All of this is a rather roundabout way of prepping the scene to mention two rather good series that I watched this year, 'Being Human' on BBC3 and 'Misfits' on E4.

'Being Human' was a six-part series charting the relationships between a vampire, werewolf and ghost that all share a flat in Bristol. The vampire and werewolf just want to try and live normal lives and face a constant battle to overcome their inner natures, and the ghost tries to come to terms with her death and separation from her fiancee, who to add to her torment owns the flat they all live in and frequently pops round with his new girlfriend. Its not glamorous, its all a bit dingy and grotty, and does a far more believable job of portraying supernatural characters trying to preserve their humanity in the face of an existential and physical crises than comparable US dramas (True Blood being the most obvious comparison). It is also genuinely funny, but without the campy playing-to-the-fourth-wall of Buffy.

If 'Being Human' is the anti-'True Blood', then 'Misfits' is the anti-'Heroes'. Another six-parter, the series follows five juvenile delinquents coming to terms with having super-powers while working through court-ordered community service. The power each gains is a manifestation of their own base personality, the shy guy that nobody likes can turn invisible, the insecure girl can hear other people's thoughts etc, and the show is more about the development of their relationships with each other, and finding a new level of respect for themselves (oh, and hiding the bodies of a couple folks they murder). Shot in a style reminiscent of Charlie Brooker's excellent zombie/Big Brother mashup "Dead Set" its dark, graphic and very, very funny.

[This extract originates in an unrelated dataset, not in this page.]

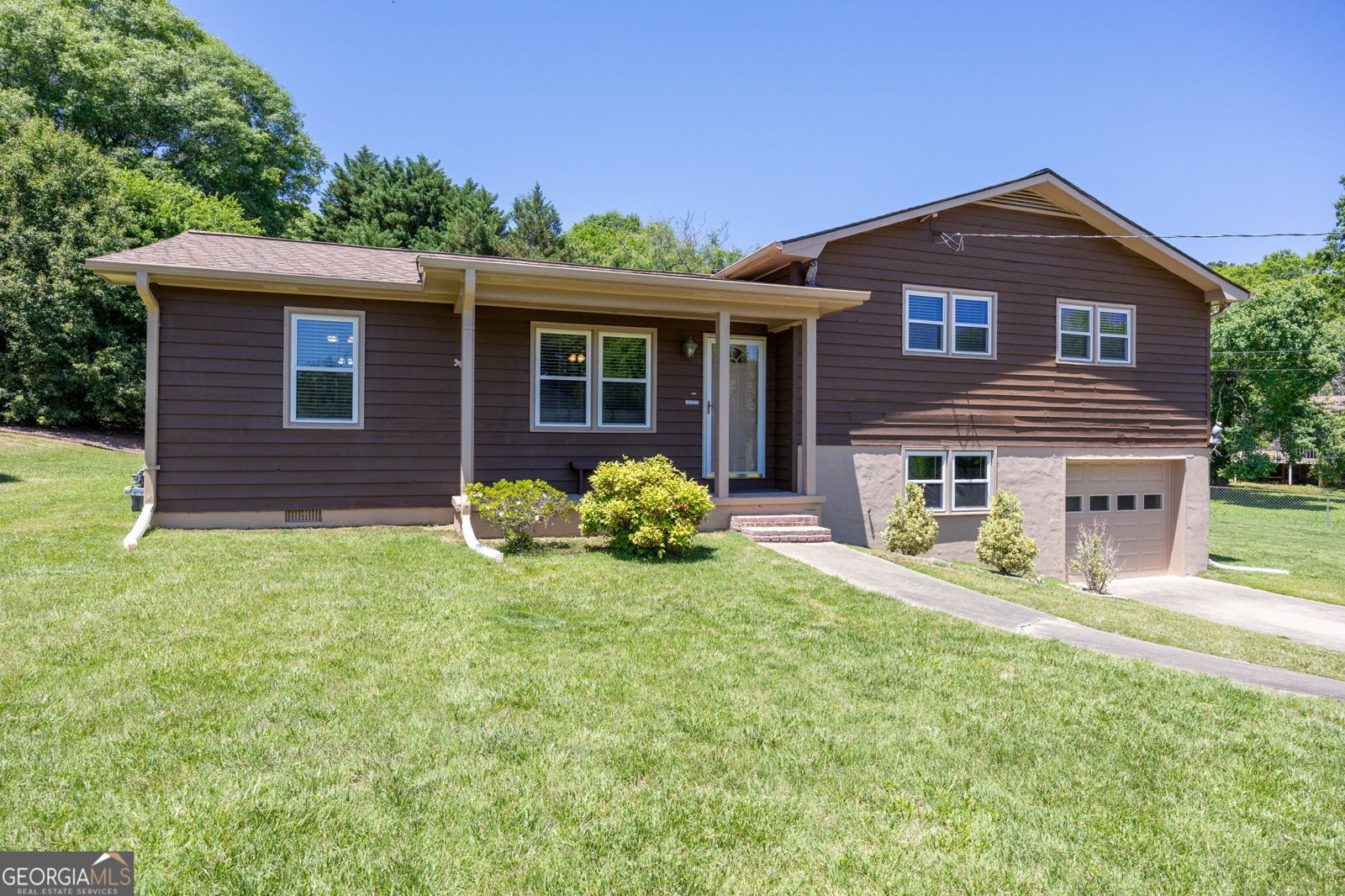 211 MAYFLOWER Drive Woodstock - main photo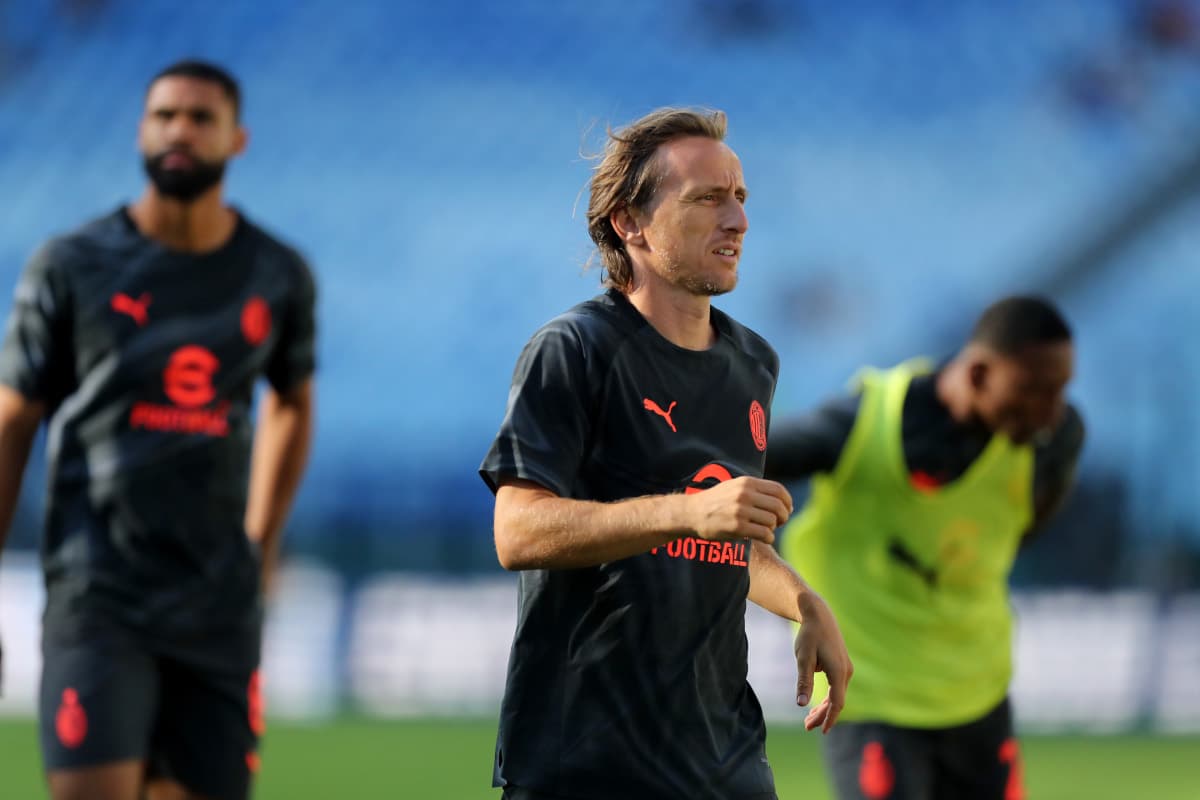 Milan eyeing move for Brighton midfielder Ayari to replace Modric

Apart from the strong writing, gritty realism and deft execution of intriguing ideas, what these two shows have in common are great performances from a number of talented Irish actors. Dublin-born Aidan Turner plays the vampire 'Mitchell' in 'Being Human', in which fellow Dubliner Sinead Keenan (most recently seen in the last two David Tennant episodes of 'Doctor Who') also has a recurring part, and arguably the central character in 'Misfits', the distinctly annoying Nathan, is brilliantly played by Portlaoise-born Robert Sheehan, the bastard offspring of Cillian Murphy and Tommy Tiernan.

In recent years much has been made of the British invasion of US TV shows, with British actors taking lead roles in everything from 'House' to "The Wire', but in almost all these cases they are forced to sublimate their national identity and adopt at times ridiculous Mid-Atlantic and other faux-American accents. In contrast Turner and Sheehan manage to revel in their Irishness, without it ever being used as a plot hook on which to hang a coat of Oirishness. This is a testament to both the strength of the writers and their own ability as actors.

The new series of 'Being Human' starts on January 10th on BBC Three, series one is available on DVD. Misfits is also available on DVD, a second series has been greenlit, but as of yet no air date has been released.

Ah, to think of how grumpy I would be without such escapist fantasy to sooth my troubled soul. I think the survivors would envy the dead.

As an aside if you are interested in television and other "cultural" imports from across the water, you really should check out Mr Tim's rather excellent pop culture blog, Inessentials. There may be a little too much 'Glee' for the average person's taste (as in, any 'Glee' is a little too much), but the writing is really spot on.